Using a risk tolerance questionnaire (RTQ) to establish a retirement income strategy is akin to your doctor checking your pulse to measure your cholesterol. There is nothing wrong with checking your pulse, but it is an inappropriate test for the situation. We propose an alternative test – the RISA – to select the best deaccumulation approach.
During your accumulation years, you work and use the proceeds to fund essential living needs, emergencies, financial milestones, and hopefully save and invest a portion for retirement. Through it all, your human capital is how you pay the bills and “invest for the long term.” These savings enjoy a long-term horizon meant to cover retirement. Though there will be expenses that will need to be funded, thinking in terms of the assets-only wealth accumulation process offered by modern portfolio theory (MPT) is a reasonable approximation.

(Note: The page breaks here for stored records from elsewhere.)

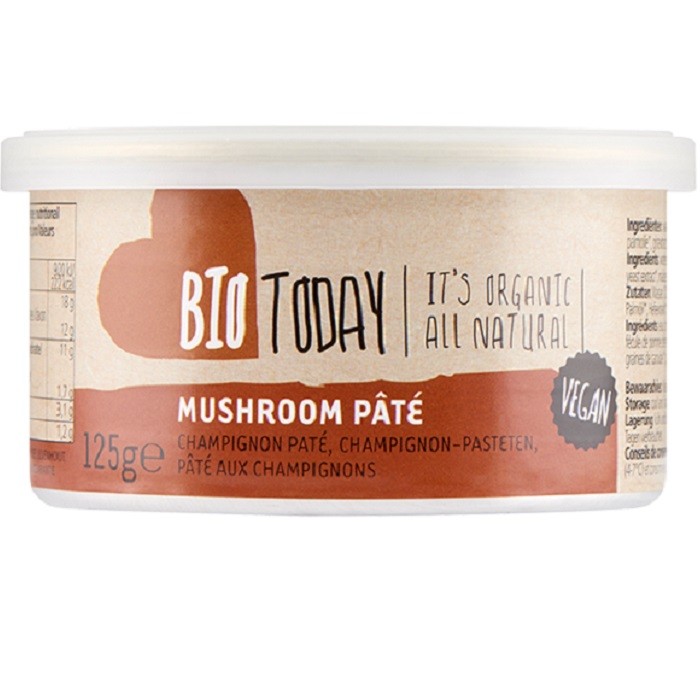 Crema vegana cu ciuperci bio 125g Bio Today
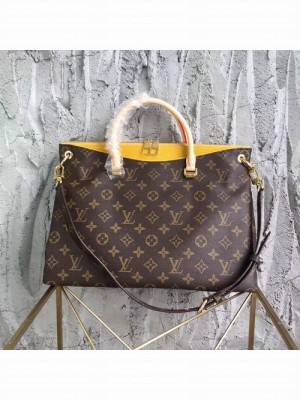 Louis Vuitton Pallas Bag 34cm Monogram Canvas Fall/Winter 2017 Collection M43424, Safran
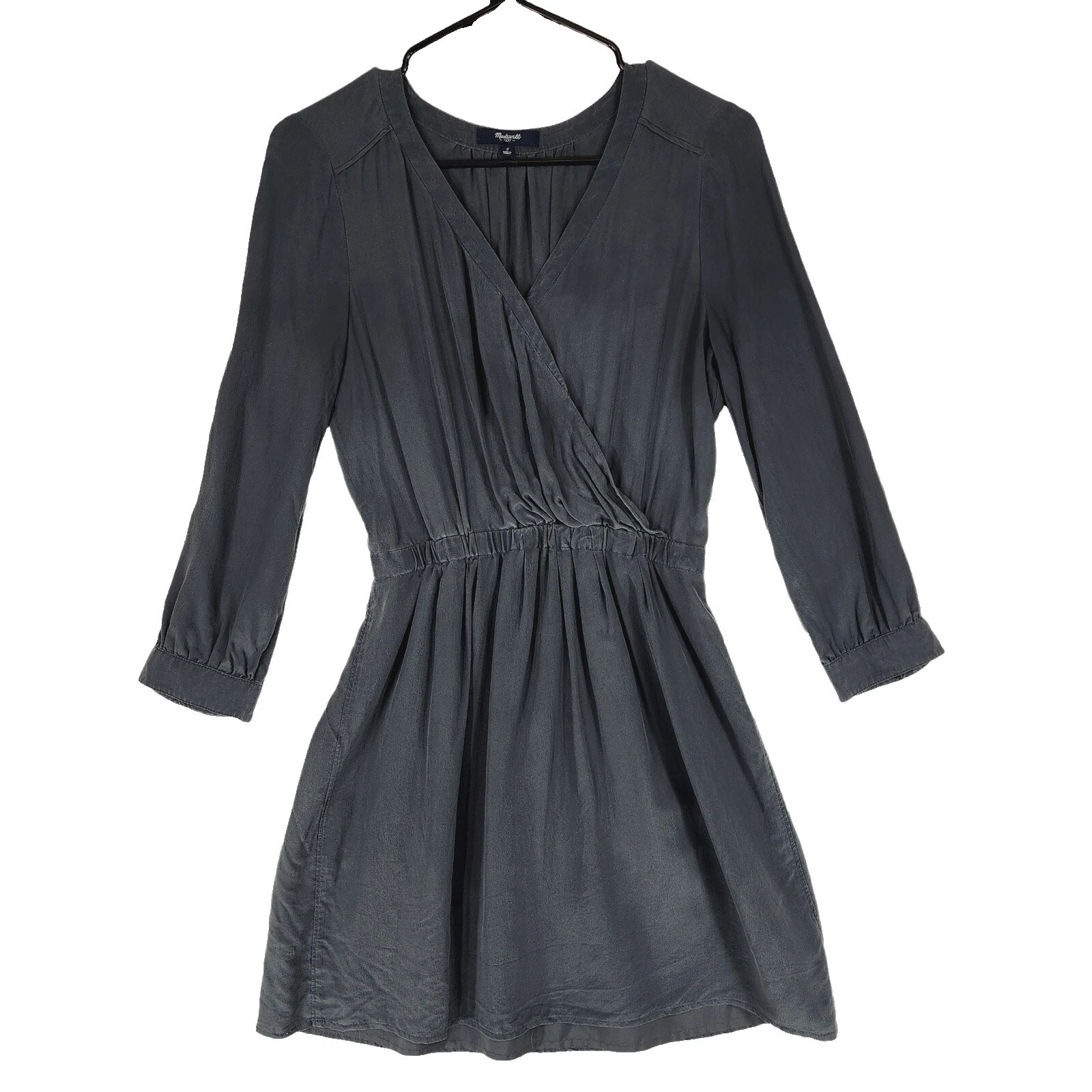 Madewell Silk Shirt Dresses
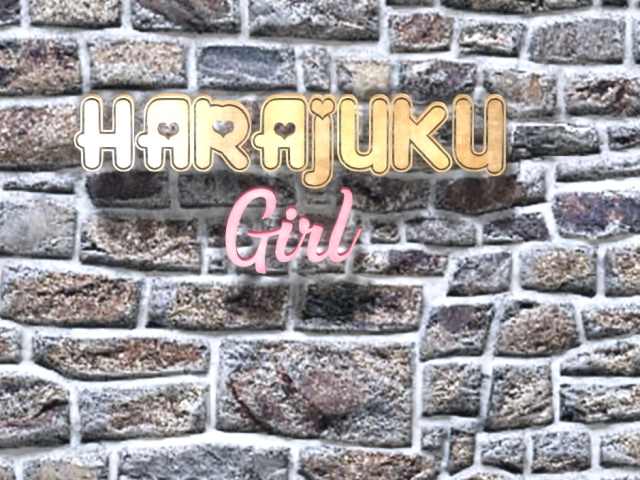 03. Happy Kawaii Decor Set Harajuku RARE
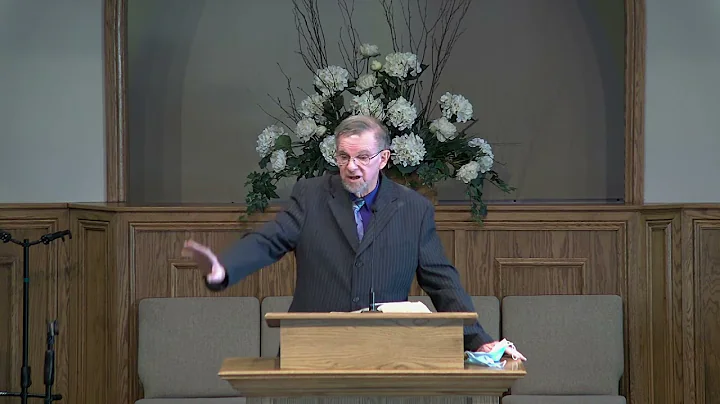 Six Marks of a Faithful Ministry - Laurie Morris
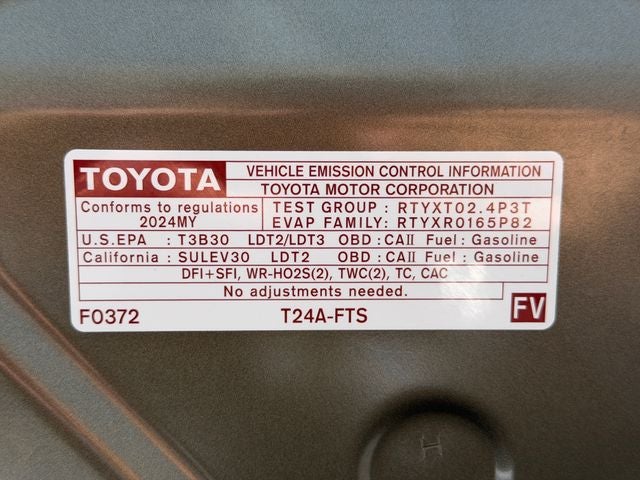 2024 Toyota Tacoma TRD Off-Road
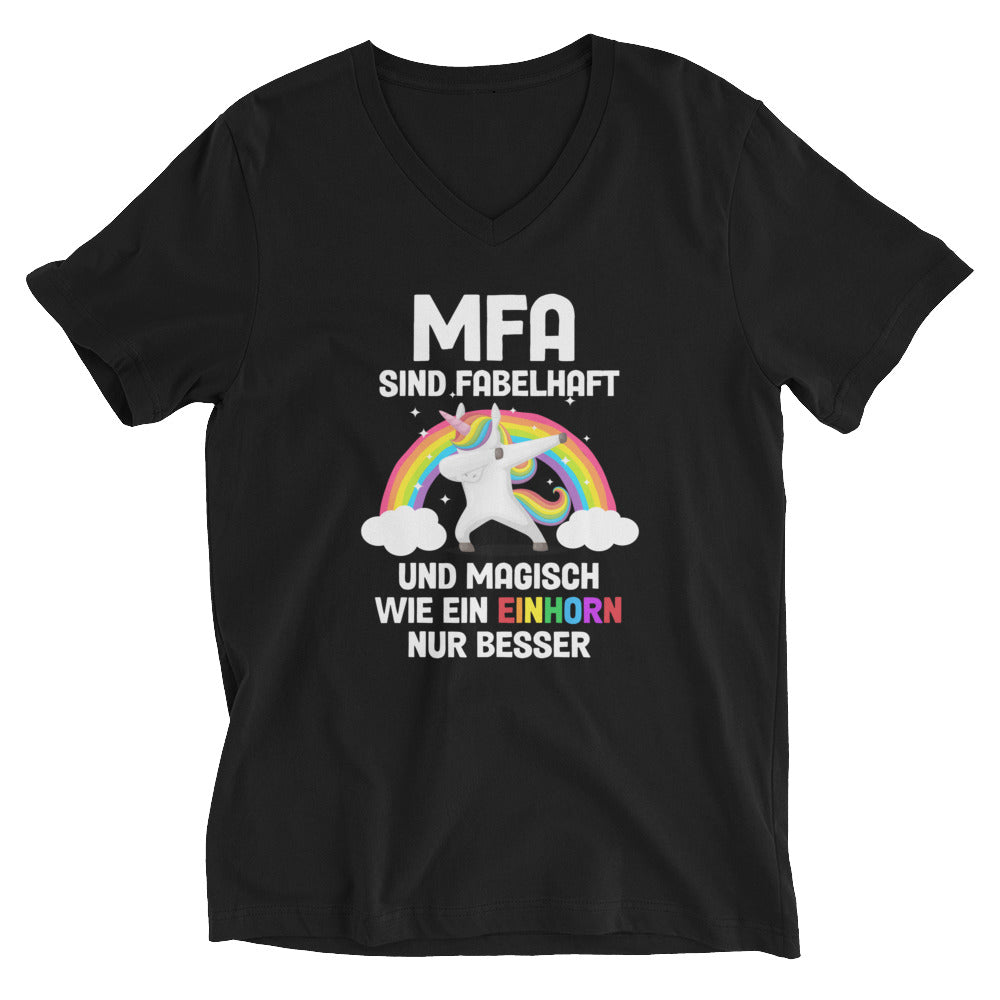 MFA sind fabelhaft. Magisch wie ein Einhorn. Nur besser VAusschnitt AnatomyLife Shop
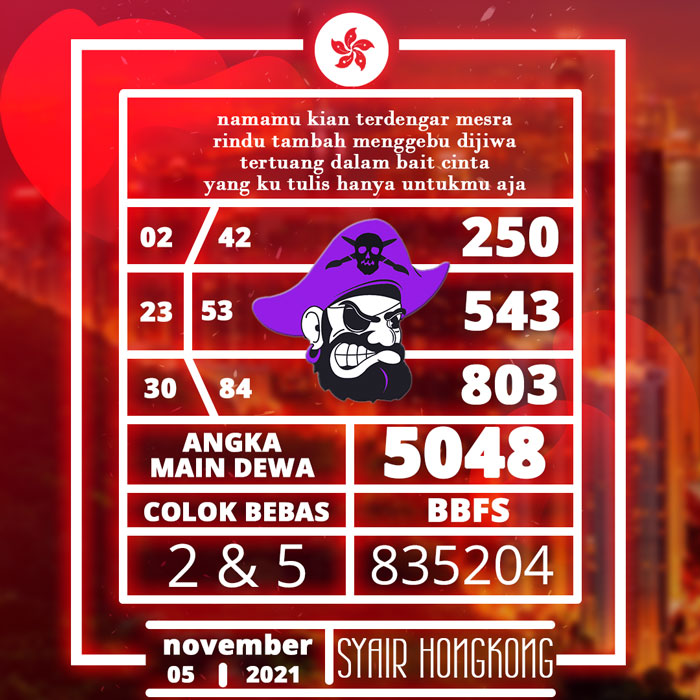CODE SYAIR HONGKONG JITU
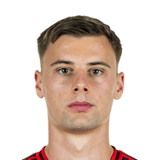 FC 26 Gabriel Vidovic Face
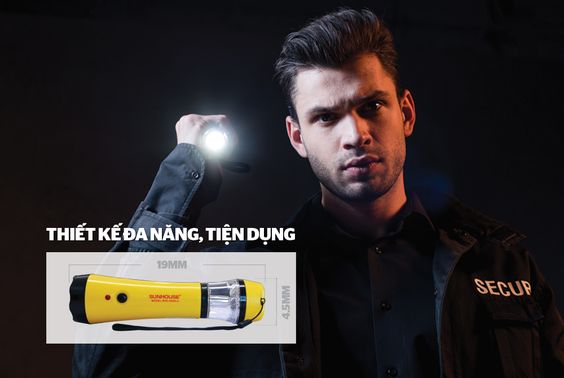 Đèn pin sạc loại nào tốt - ảnh 7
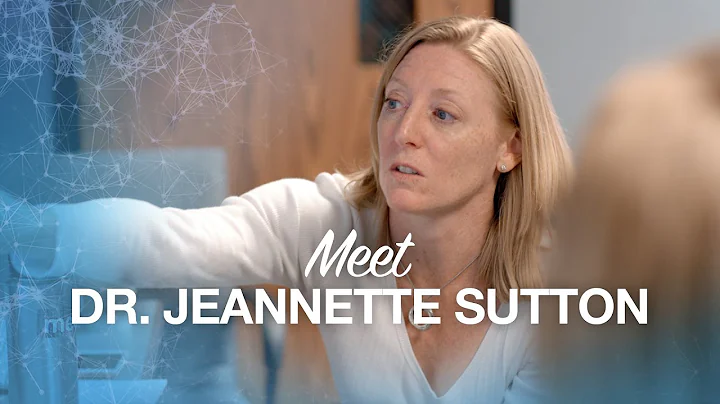 People Behind Our Research: Jeannette Sutton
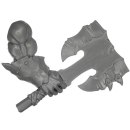 Warhammer AoS Bitz: ORRUKS - 004 - Brutes - Weapon B2 - Brute Choppa, Right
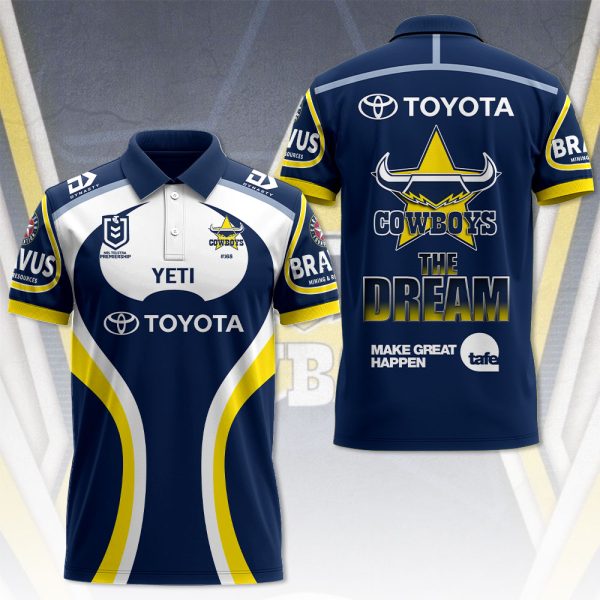 North Queensland Cowboys 3D Apparel - MAITM 8084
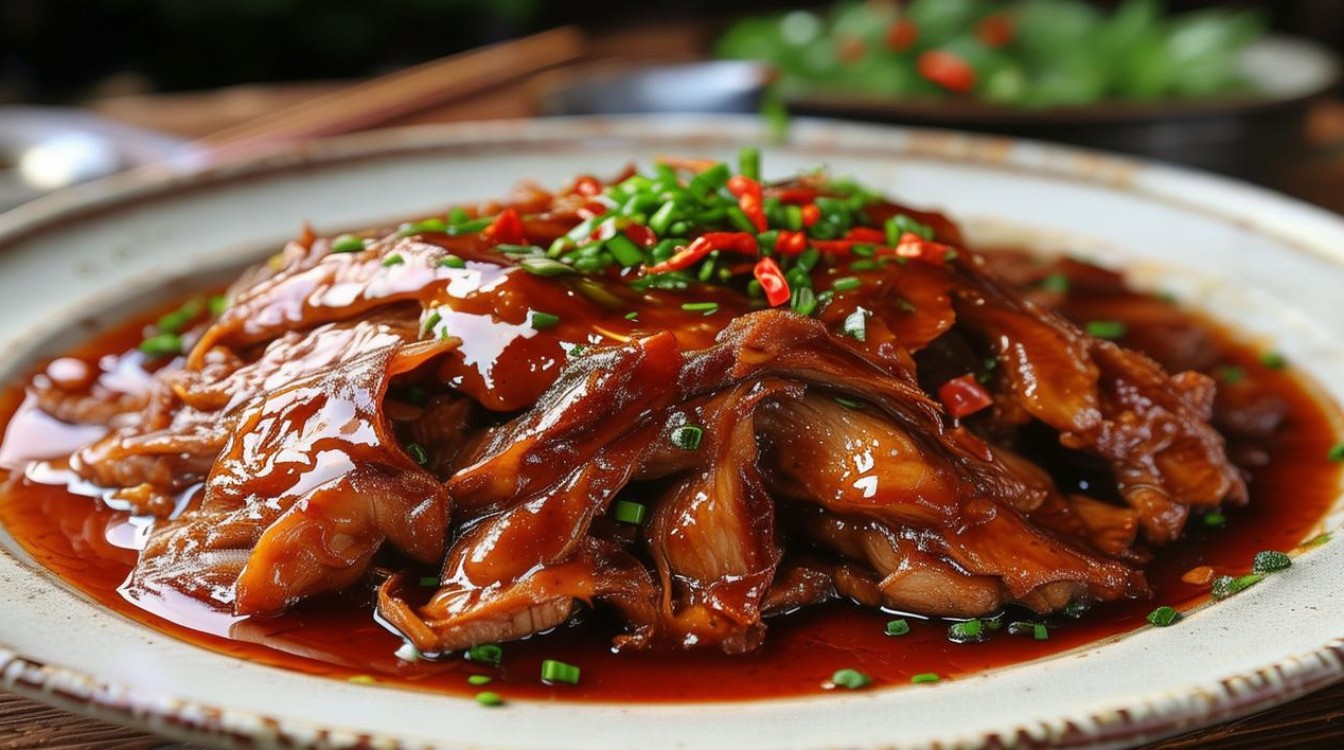 酱猪蹄子最正宗的做法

Investors are generally told to invest as aggressively as possible to earn the greatest risk premium from the stock market over the long-term, subject to their comfort with stomaching short-term market fluctuations that will hopefully balance out into a greater growth rate over time. RTQs have emerged as a tool to help advisors identify the amount of volatility their clients can stomach with their investment portfolios.
During accumulation, RTQs can serve as a helpful tool for advisors. They fit well with an assets under management (AUM) revenue model that offers a set of model portfolios designed with different risk levels. An RTQ also provides documentation for compliance about why a particular portfolio recommendation has been made.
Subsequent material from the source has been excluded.